ISTANBUL: Thousands of protesters on Sunday joined a rally in Istanbul called by a pro-Kurdish party to show support for hunger strikes against prison conditions of Kurdish militant leader Abdullah Ocalan.
The protesters gathered at a square in Bakirkoy on the European side of Istanbul, with police tightening security measures.
“I am saluting my friends resisting in prisons. They are our honor, they are not alone,” Fahit Ulas, a supporter of the Peoples’ Democratic Party (HDP).
“If needed we will sacrifice our bodies for this cause. We have no fear,” he added.
Some 250 prisoners all over Turkey have launched hunger strikes in support of HDP lawmaker Leyla Guven, who wants to pressure the Turkish government to allow Ocalan to hold regular meetings with his lawyers and family members.

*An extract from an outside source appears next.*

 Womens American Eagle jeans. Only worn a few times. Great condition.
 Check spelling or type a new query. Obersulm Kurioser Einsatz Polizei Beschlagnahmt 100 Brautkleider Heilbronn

Ocalan, one of the founders of the outlawed Kurdistan Workers’ Party (PKK), has been serving a life sentence on a prison island off Istanbul since his 1999 capture.

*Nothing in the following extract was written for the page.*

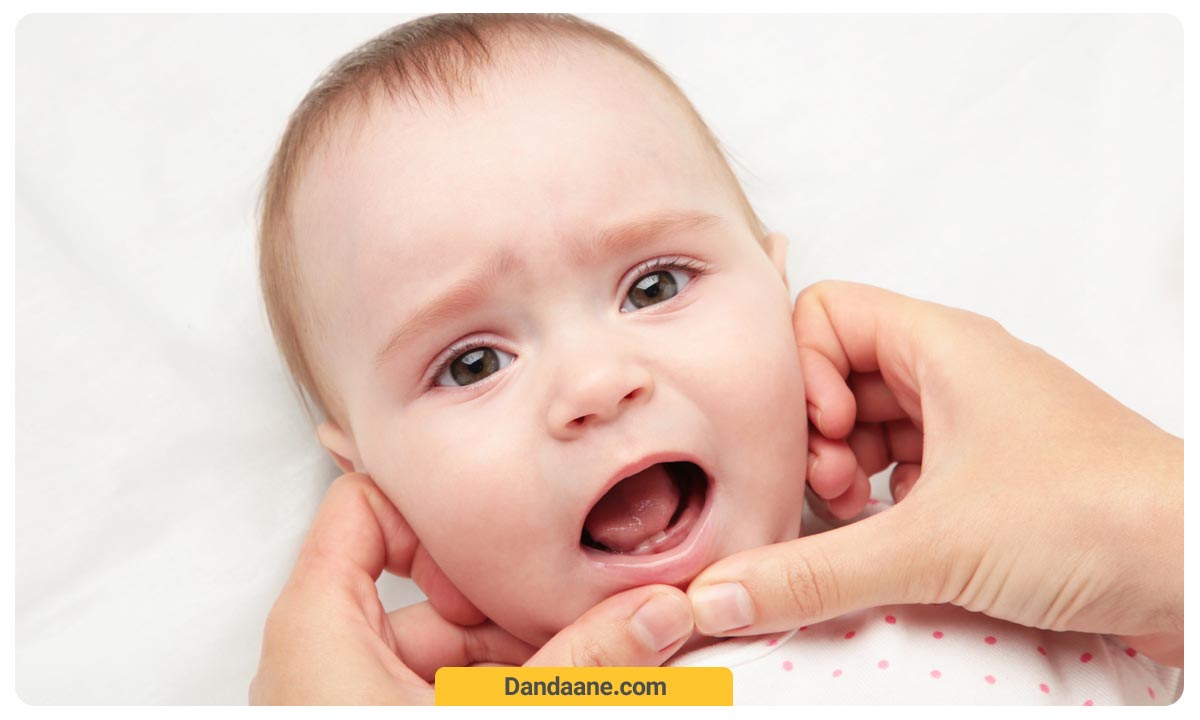 احساس درد خفیف در کودک هنگام دندان در آوردن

The 55-year-old Guven was jailed in January 2018 for her criticism of Turkey’s military operation against a Syrian Kurdish militia.
Last week, a Turkish court in Kurdish majority city Diyarbakir freed her under judicial supervision. Guven, who entered the 88th day of her hunger strike on Sunday, launched the protest move on Nov. 8 while in jail.

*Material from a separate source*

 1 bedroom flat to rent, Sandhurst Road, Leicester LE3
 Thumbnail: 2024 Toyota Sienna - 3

She told AFP in an interview on Wednesday that she would press on with the hunger strike at home.
Garo Paylan, an HDP MP who joined the Istanbul protest, said choosing a hunger strike was a “last remedy,” hoping Guven’s demand would be met as soon as possible.
“We want this demand to be fulfilled before any death,” he told AFP. In 2012, hundreds of Kurdish prisoners ended a 68-day hunger strike after Ocalan urged them to do so.
The HDP party remains under the scrutiny of Turkish authorities, which accuse it of links to the PKK.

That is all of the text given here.